Spatial and temporal factors during processing of audiovisual speech: a PET study.
Macaluso E., George N., Dolan R., Spence C., Driver J.
Speech perception can use not only auditory signals, but also visual information from seeing the speaker's mouth. The relative timing and relative location of auditory and visual inputs are both known to influence crossmodal integration psychologically, but previous imaging studies of audiovisual speech focused primarily on just temporal aspects.
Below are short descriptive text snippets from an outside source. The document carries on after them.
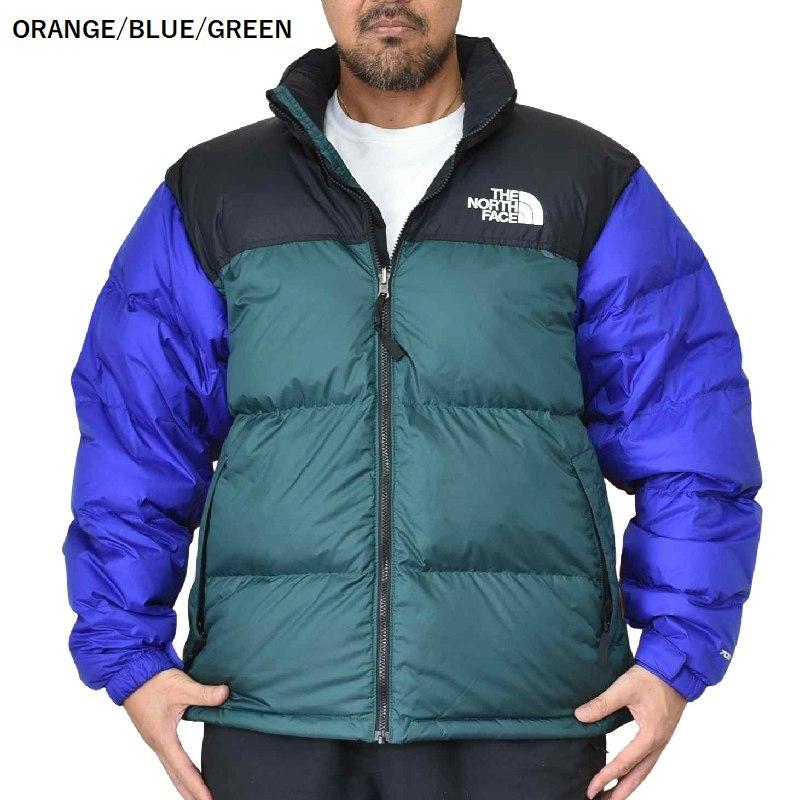 ースフェイス 大きいサイズ メンズ THE NORTH FACE ダウンジャケット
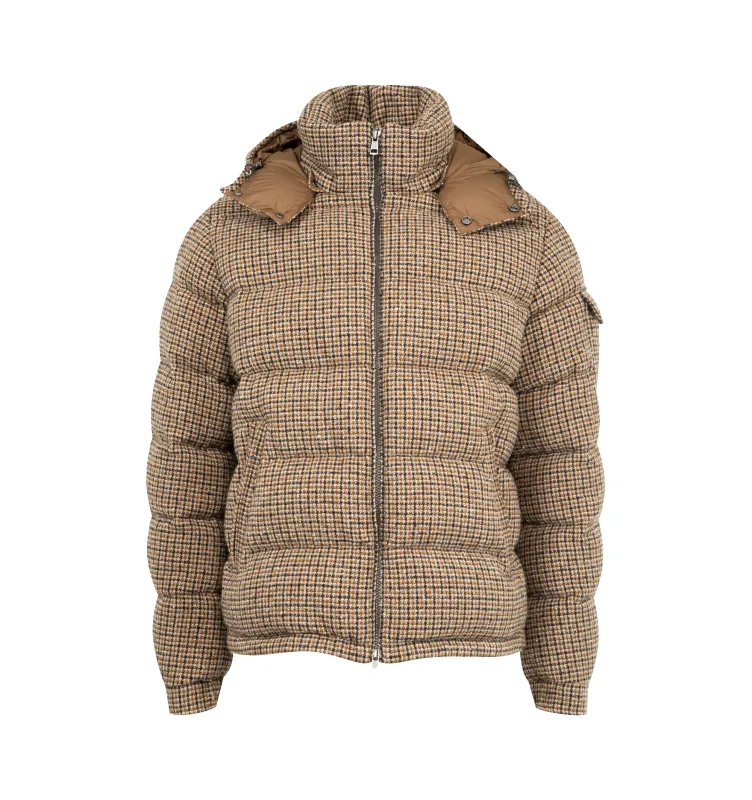 MONTGENEVRE JACKET (MENS) sold by Hirshleifers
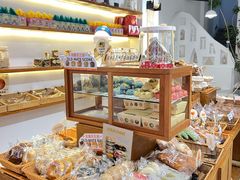 -旧识old mate·烘焙蛋糕店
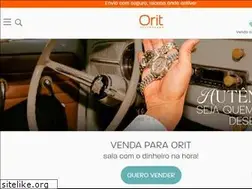 Sites similar to orit.com.br
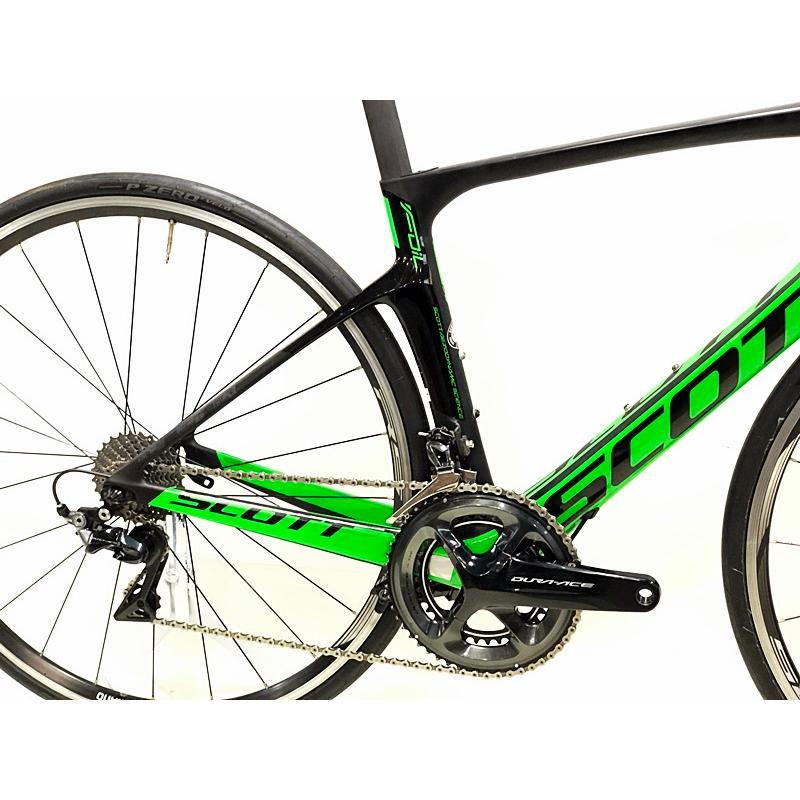 SCOTT スコット フォイル RC FOIL DURA-ACE 2017年モデル SCOTT スコット フォイル RC FOIL DURA-ACE 2017年モデル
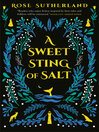 Cover image for A Sweet Sting of Salt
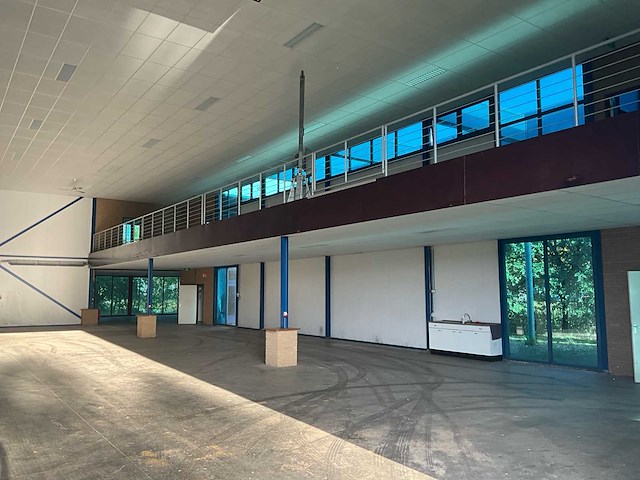 Bedrijfsgebouw 700m2 - afbeelding 16 van  52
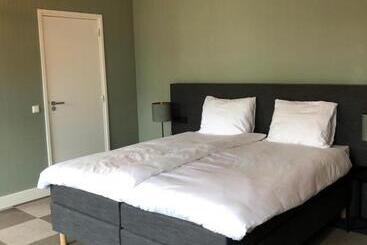 De Pastorie Bed & Breakfast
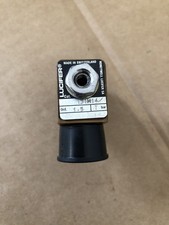 Lucifer valve coil for sale  BRADFORD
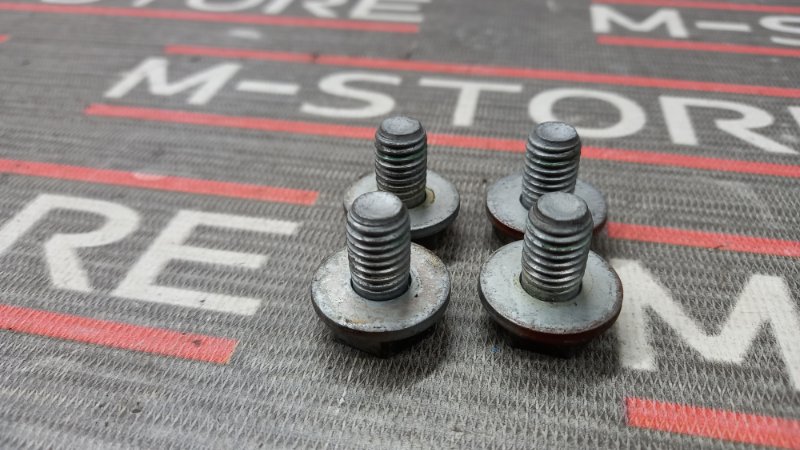 болт гидротрансформатора, 280 рублей, Красноярск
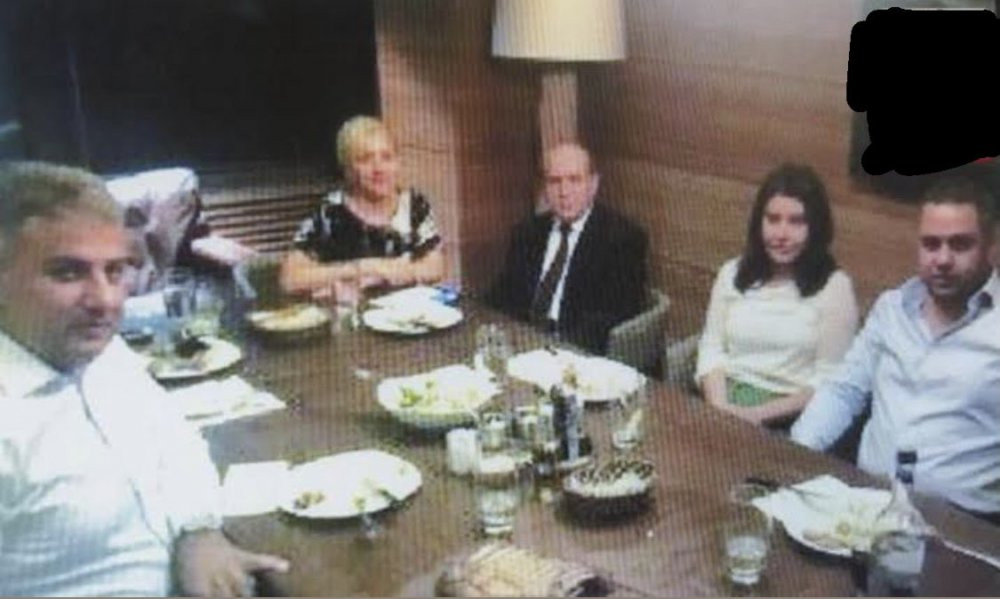 Sedat Peker; telefon kayıtlarını, whatsapp yazışmalarını yayınladı - Resim : 2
Here we used Positron Emission Tomography (PET) during audiovisual speech processing to study how temporal and spatial factors might jointly affect brain activations. In agreement with previous work, synchronous versus asynchronous audiovisual speech yielded increased activity in multisensory association areas (e.g., superior temporal sulcus [STS]), plus in some unimodal visual areas. Our orthogonal manipulation of relative stimulus position (auditory and visual stimuli presented at same location vs. opposite sides) and stimulus synchrony showed that (i) ventral occipital areas and superior temporal sulcus were unaffected by relative location; (ii) lateral and dorsal occipital areas were selectively activated for synchronous bimodal stimulation at the same external location; (iii) right inferior parietal lobule was activated for synchronous auditory and visual stimuli at different locations, that is, in the condition classically associated with the 'ventriloquism effect' (shift of perceived auditory position toward the visual location). Thus, different brain regions are involved in different aspects of audiovisual integration. While ventral areas appear more affected by audiovisual synchrony (which can influence speech identification), more dorsal areas appear to be associated with spatial multisensory interactions.